Instructions for the task – Once the line containing "Chúa Tể Tam Giới Chapter 80 trang 29" is reached in the listing below, reproduce it and all later lines through the final one exactly, but omit any pictures.

Dataset excerpt –

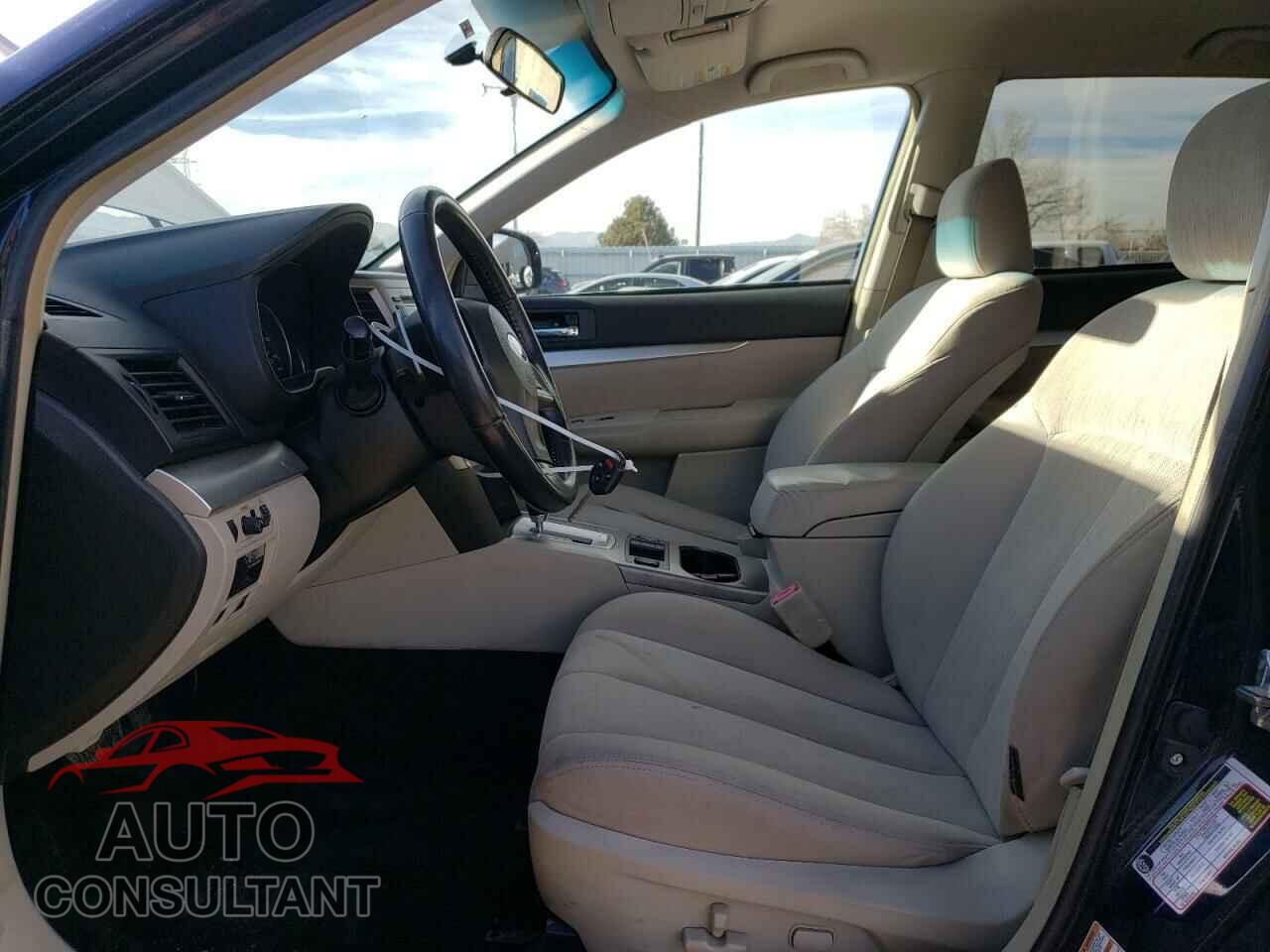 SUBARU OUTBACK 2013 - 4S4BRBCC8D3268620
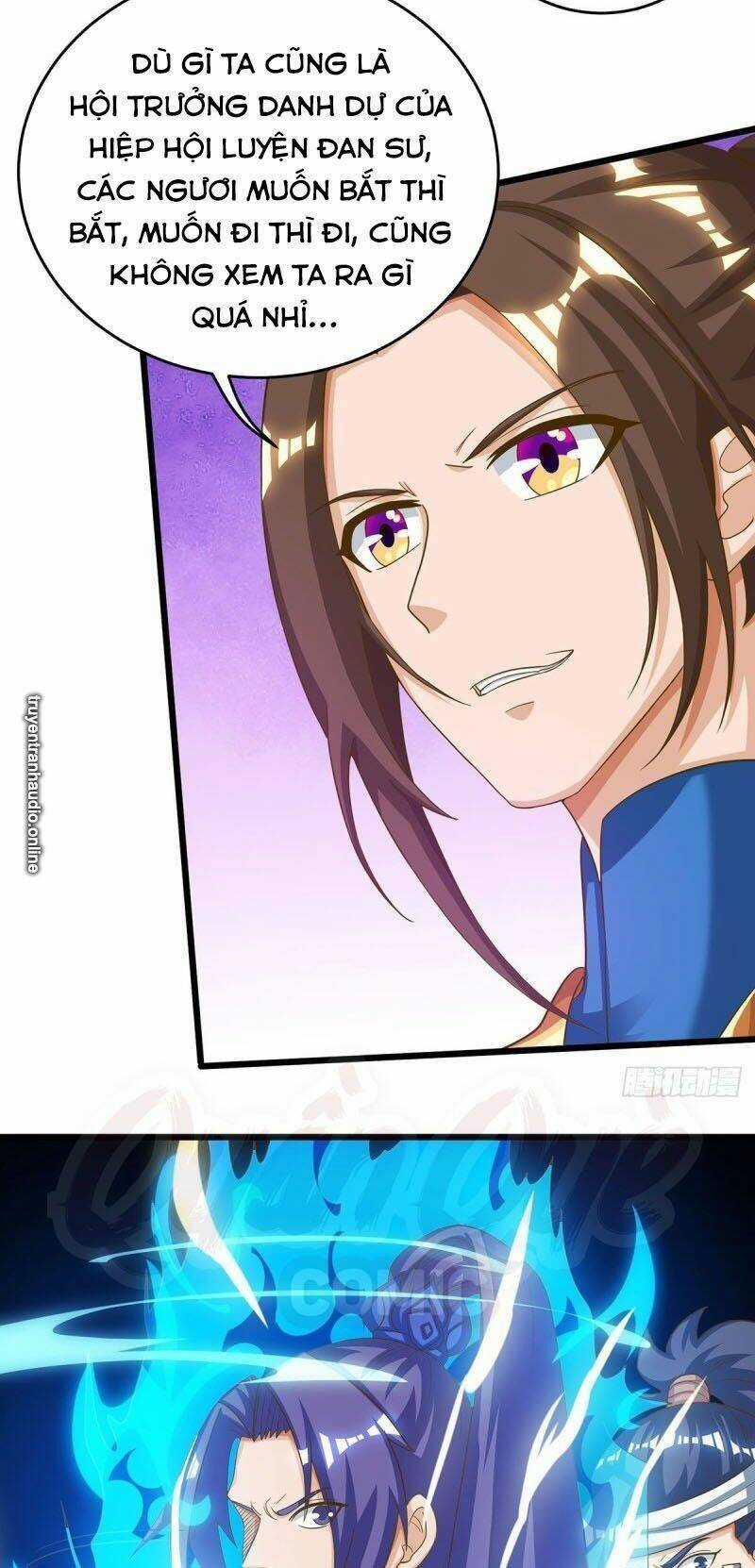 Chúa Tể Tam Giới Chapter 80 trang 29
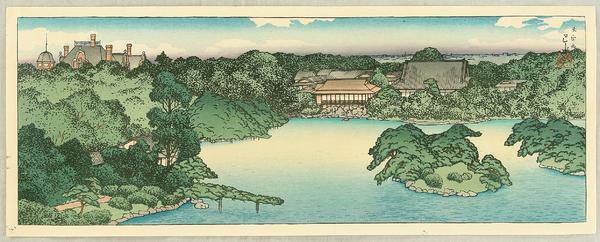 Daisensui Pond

Solution to the exercise –
 Chúa Tể Tam Giới Chapter 80 trang 29
 Daisensui Pond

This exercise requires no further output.